The evidence points to a two-stage accident.
The first part I can recall well enough. We were canoeing down in Florida over Spring Break, March 2015. It is my normal habit to take a horse, and some tack, on a day's run. Aha! you say, Surely I knew better than that?! But. I've always taken horses on trips, even back to childhood. Since the canoe joined our lives (2008) the only problem was how to find a reasonably protected way to carrry them along, and I found it in the pony pocket. Of course they come with me. Here's Rinker on the Sarum in North Carolina:
I can remember stripping it hastily off his head, standing by the open car door. I can even remember thinking, I rarely put tack in that,... ! But what 'that' was, I cannot remember. I do not recall where I stowed or stuffed or hastily threw that last precious handful, before we barreled down the bank and shoved off on our last, lovely, most thoroughly enjoyed canoe ride of the week. It was a marvelous run, the end to a marvelous week, and all was well...

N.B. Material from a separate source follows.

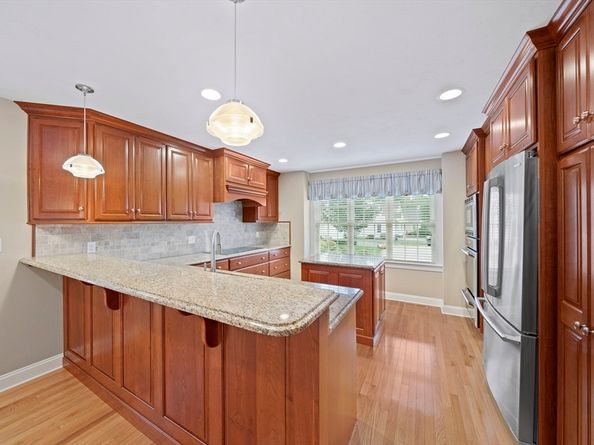 18 Ben Hogan Lndg 18, Weymouth MA 02190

Until we arrived home, 3 days later.
Believe me, I have searched everywhere.
I may have simply dropped it in the car. If so, the second stage of the accident was that it must have fallen out of the car. Somewhere between Parker Place on the New and my driveway!! It could have been anywhere... any gas station, any hotel parking lot... from Florida to Pennsylvania.
If it fell from the car at the launch, I have an exact reading:
29 degrees 57.663
84 degrees 43.210
This is Parker Place landing, the one with the artesian well, on the west bank of the New River, northeast of Appalachicola, Florida. In my dreams someone goes there and looks in the dust, paws through the grass, and examines crows' nests and raccoon burrows, or perhaps squirrels' holes. In another dream, some kid recognizes what it is, picks it up and keeps it. In real life, ... what are the chances,... a piece of funny-looking jewelry, a gas station parking lot, a dusty country road? Across seven states?

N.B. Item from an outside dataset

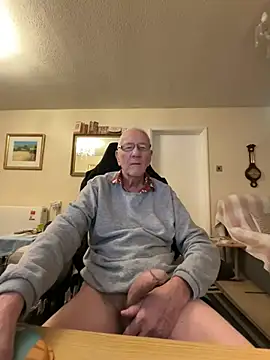 Snapshot of cutaboverest chatting on 9, 1, 2026 cutaboverest online show from 9, 1, 2026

The lesson, contrary to all sense, is that if Rinker had worn his tack, in all probability it wouldn't have been lost at all.
Two other copies of this hackamore were made in 2005, according to my records. Sometimes we do make 2 or 3 of an intended sales piece. Those two were sold to J. Wagner and D. Curtis.
I took several pictures of Fancy's Hackamore in 2012, when I got my Munday saddle. These really are the only close-ups I ever took in those 10 years.
There are two extenuating circumstances in the case of Fancy's Hackamore: two facts that are different from most other cases of lost tack. The first is that we know beyond a shadow of a doubt that it was not stolen. I have nobody to blame but myself. Call it old age, slippery memory, distraction on a grand scale; at least it wasn't theft, and it wasn't trashed (at least not directly).
The second circumstance, of course, is that the artist is still alive. In theory at least, the piece can be replaced. We have all the ingredients.
When I finally faced, on March 17, that I had lost my own favorite hackamore through carelessness, an idea was born. I would replace it,... but I would share every step. Each part of the new hackamore would be blogged about, in as much detail as I could manage. Call it a punishment, if you will: the price to pay for my idiocy. Other factors operating during canoe trips have thrown my carelessness into strong focus. A penance with my heart in it would be just the right ticket.
I don't know when I'll manage all of it, but hackamore lessons are in the offing!